Canting sendiri berasal dari bahasa Jawa yang berarti suatu alat untuk melukis di atas batik tulis. Dengan canting, pembatik dapat menempelkan cairan “malam” mengikuti alur motif yang diinginkan. Ujung canting yang disebut “cucuk” atau “carat” berfungsi layaknya sebuah mata pena yang mengalirkan cairan malam atau lilin. Sedangkan bagian lain dinamakan “nyamplung” yaitu tempat untuk memasukkan malam dalam kondisi panas.
Adanya sejumlah tipe atau jenis canting menentukan dalam menghasilkan suatu motif batik tertentu mengingat bahwa setiap garis atau titik dari dalam motif batik memiliki ketebalan dan karakter yang berbeda-beda.
Ujung canting yang dinamakan cucuk atau carat rata-rata terbuat dari tembaga karena bahan ini merupakan jenis penghantar panas yang baik sehingga saat mengambil lilin cair yang masih panas tidak akan cepat dingin. Sedangkan gagang canting sebagai pegangan bagi pembatik terbuat dari kayu atau bambu yang relatif tidak menghantarkan panas dibanding tembaga sehingga tidak mengganggu kenyamanan genggaman tangan pembatik. Pada saat sang pembatik hendak menempelkan ujung canting ke kain batik biasanya akan ditiup dulu pada bagian ujun tersebut dengan tujuan agar suhu cairan malam atau lilin agak mendingin sehingga mudah mengalir.

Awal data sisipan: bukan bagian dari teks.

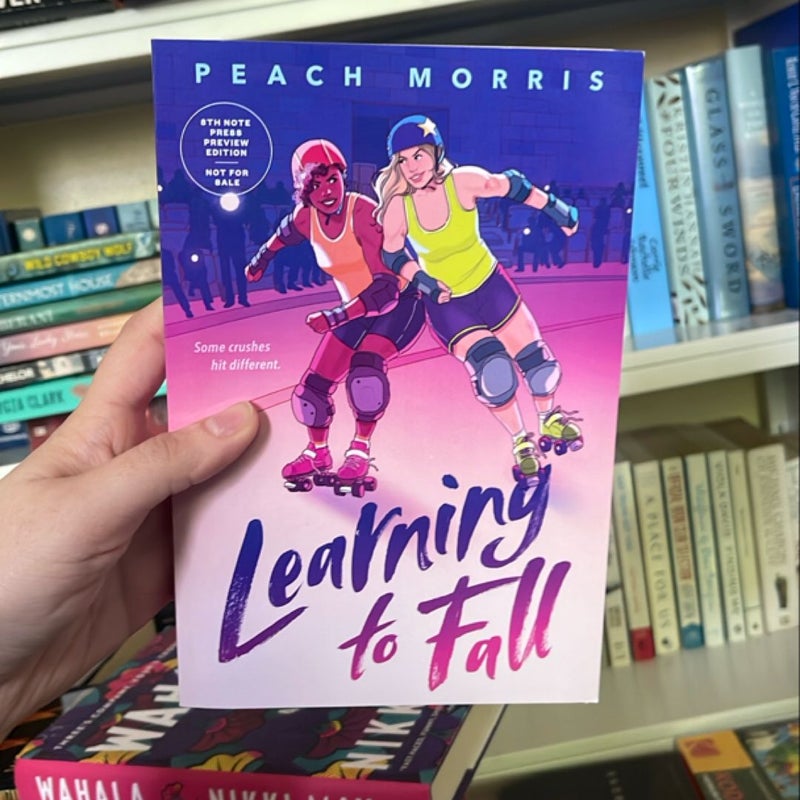 Learning to Fall (ARC)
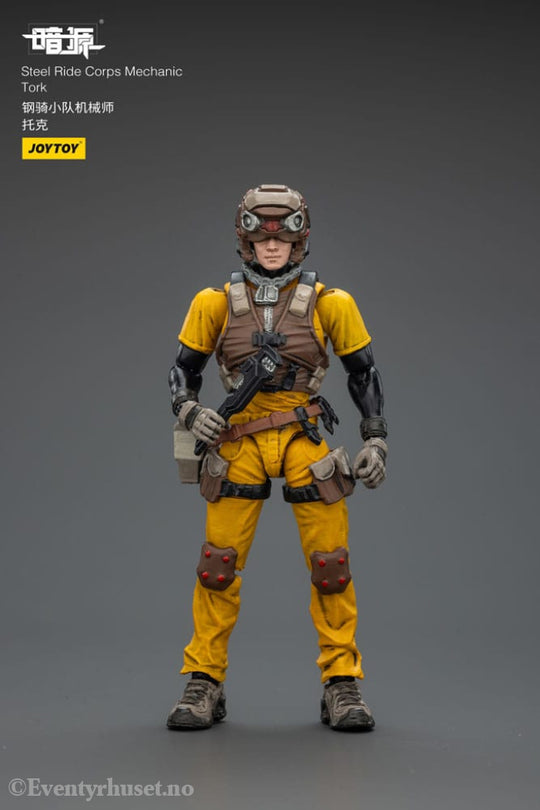 Steel Ride Corps Dark Source Action Figur Mechanic Tork 7 cm Toys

Salah satu jenis cantik membatik adalah Canting Klowongan yaitu sebuah canting berukuran besar yang memiliki 1 (satu) cucuk dan lazim dipakai untuk membuat kerangka utama atau pola awal motif batik pada kain yang disediakan. Ada lagi jenis canting carat loron (loro : dua) yaitu canting dengan cucuk 2 (dua) berjajar atas bawah yang digunakan untuk membuat suatu garis rangkap. Canting Telon yang berasal dari kata “telu” yang berarti “tiga” digunakan untuk membentuk segitiga yang berasal dari 3 (tiga) titik. Canting Cecekan adalah jenis canting berukuran kecil bercucuk satu dengan fungsi untuk membuat “isen-isen” pada suatu motif batik, misal titik-titik kecil sehingga kegiatan ini dapat disebut juga sebagai “nyeceki.”
Pada perkembangan selanjutnya dikenal adanya canting listrik. Secara bentuk, canting ini sama dengan canting tulis namun pengencer lilinnya menggunakan tenaga listrik yang disambungkan dengan kabel pada ujung belakang tangkainya.